金融业作为我国经济发展的前沿地,其与大数据、云计算、区块链等新兴技术深度融合而产生的数字普惠金融是解决这一问题的突破口。《G20数字普惠金融高级原则》将数字普惠金融定义为一切通过数字金融服务促进普惠金融的行动,为中小企业等受到金融排斥的群体通过数字化技术获得平等的金融支持提供了机遇。全国工商联2020年5月发布的《2019—2020小微融资报告》显示,在新冠疫情的影响下,小微企业融资难题虽然没有得到根本缓解,但40%的小微企业通过线上银行融资摆脱破产的命运,绝大多数获得贷款的小微企业认为“无接触贷款”的“滴灌”政策成效显著。从融资约束这一企业难题来说,数字普惠金融通过新兴技术的运用帮助中小企业解决信息不对称的问题,有助于完善金融服务,拓宽融资渠道,提高融资效率,最终达到突破融资困境的效果。
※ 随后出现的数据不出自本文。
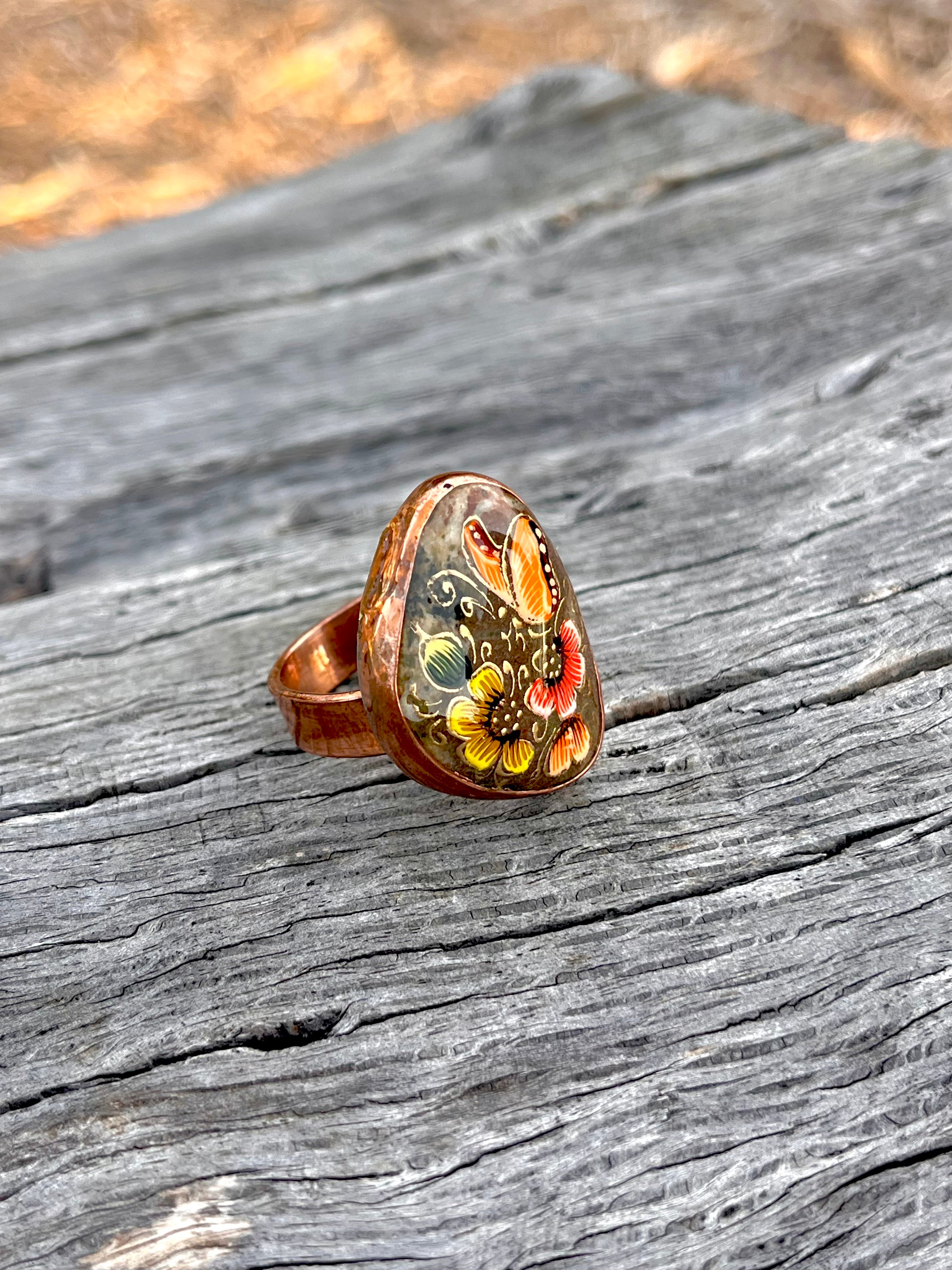 Tsakapu Rings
本文在整合2014—2020年中小企业数据的基础上,利用融资约束的赋值评分模型评估企业融资约束水平,从动态效应、异质性分析和中介传导机制来探究数字普惠金融发展与中小企业融资约束之间的关系。并结合现状,为后疫情期间数字普惠金融推动中小企业解决融资难题提供可行路径。
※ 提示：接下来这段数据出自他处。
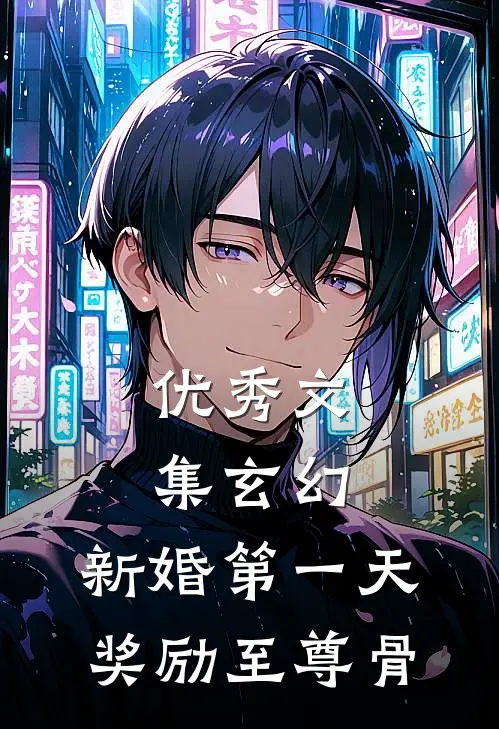 优秀文集玄幻：新婚第一天，奖励至尊骨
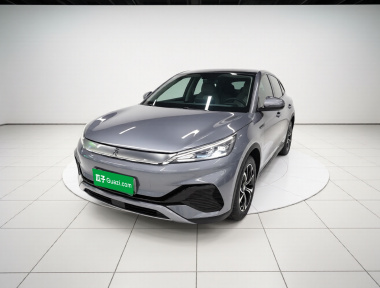 BYD Yuan Plus 2024 BYD Yuan Plus 2024 car image
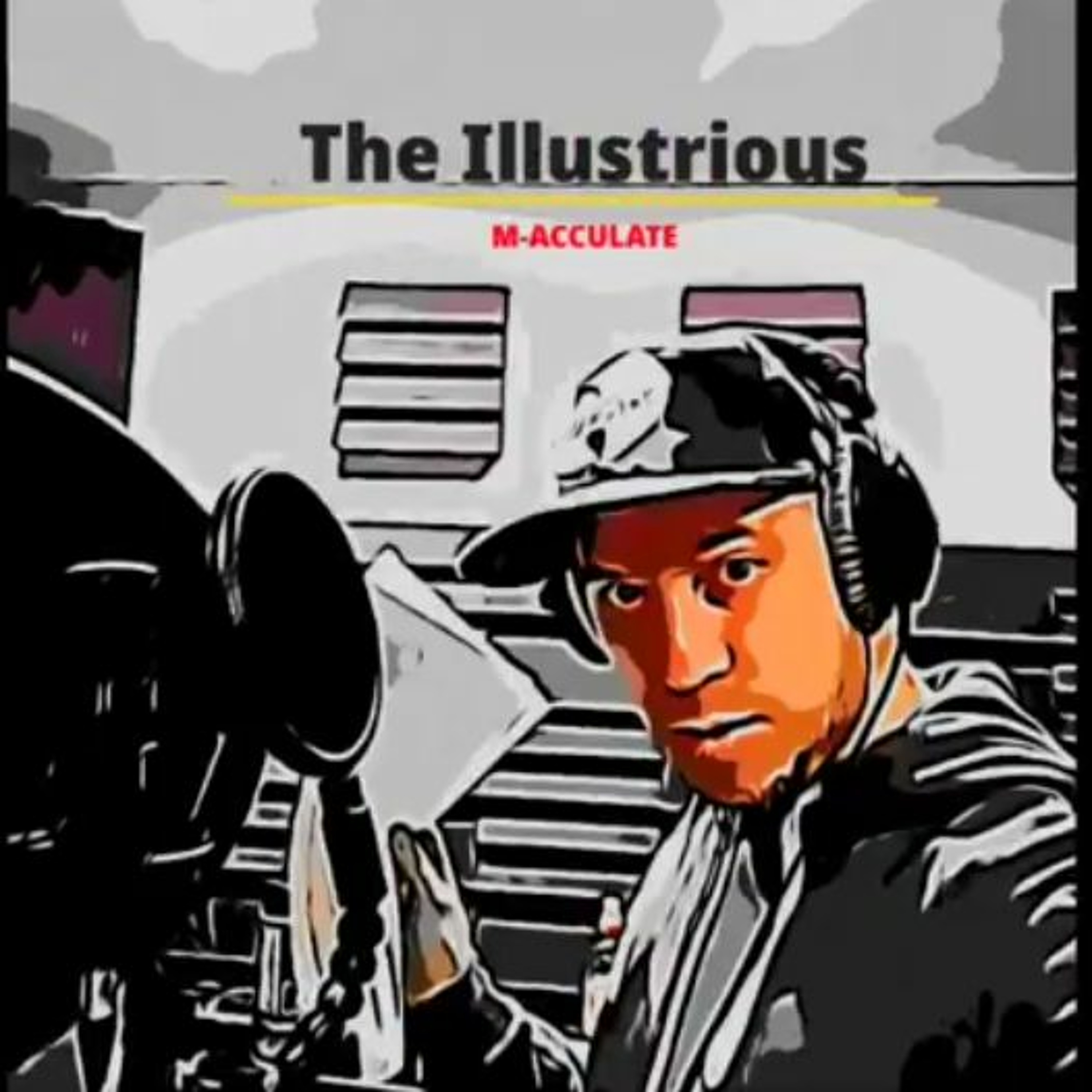 The Illustrious episode artwork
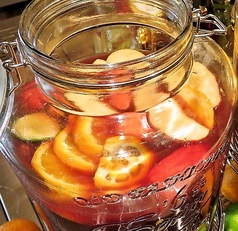 シュラスコに合うドリンクで乾杯！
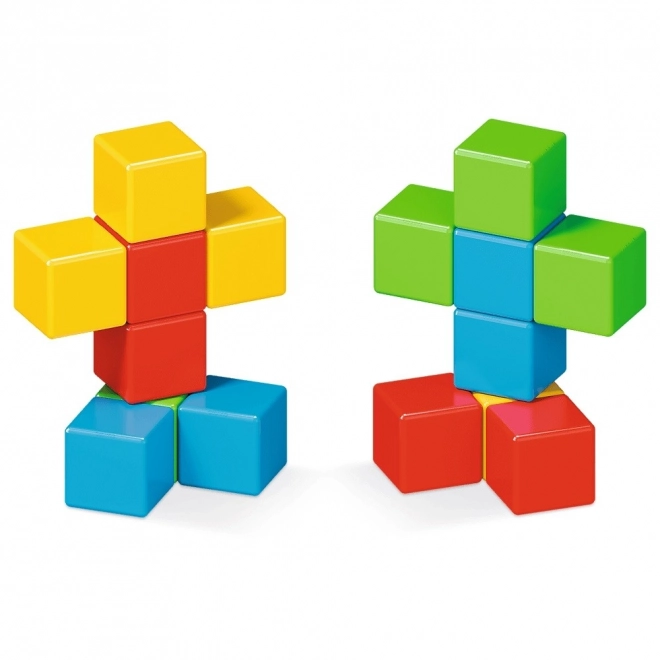 Magnetic Building Blocks for Young Children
尽管企业融资约束难题已经根植于企业发展的经济脉络之中,但国内外学者的探索精神却始终如一。早期关于企业融资问题的研究主要是基于信贷体系考察传统金融机构与企业融资约束之间的关系。Stiglitz和Weiss(1981)认为,信息不匹配是中小企业难以获得信贷的源头,中小企业和银行间逆向选择的存在,使得大型商业银行不愿意给抵押担保不足的中小企业提供服务[1]。Gertler和Gilchrist(1994)通过研究信贷双方的信息不对称程度,认为银行会通过增加中小企业融资成本来避免信息不对称所带来的风险[2]。Strahan和Weston(1998)[3]提出的规模匹配理论认为,银行对中小企业贷款意愿与企业规模相关,大型金融机构往往会选择规模较大的企业提供信贷服务,中小企业融资较为困难。姚耀军、董钢锋(2014)[4]聚焦于新结构经济学最优金融结构理论视角进行系统研究,认为中小银行发展显著降低了企业投资对现金流的敏感性,有效缓解了中小企业融资约束。李广子、熊德华(2016)[5]利用多重中介模型对中小银行发展影响中小企业借款融资的中介效应进行了分析和比较,认为中小银行发展能够显著缩小中小企业与大企业在借款融资上的差异。钟腾、汪昌云(2017)[6]从股票市场规模等3个角度分析金融发展,认为银行体系目前存在的资源错配、运行效率低下等缺陷,是导致了中小企业生存环境恶劣、融资困难等问题的重要因素。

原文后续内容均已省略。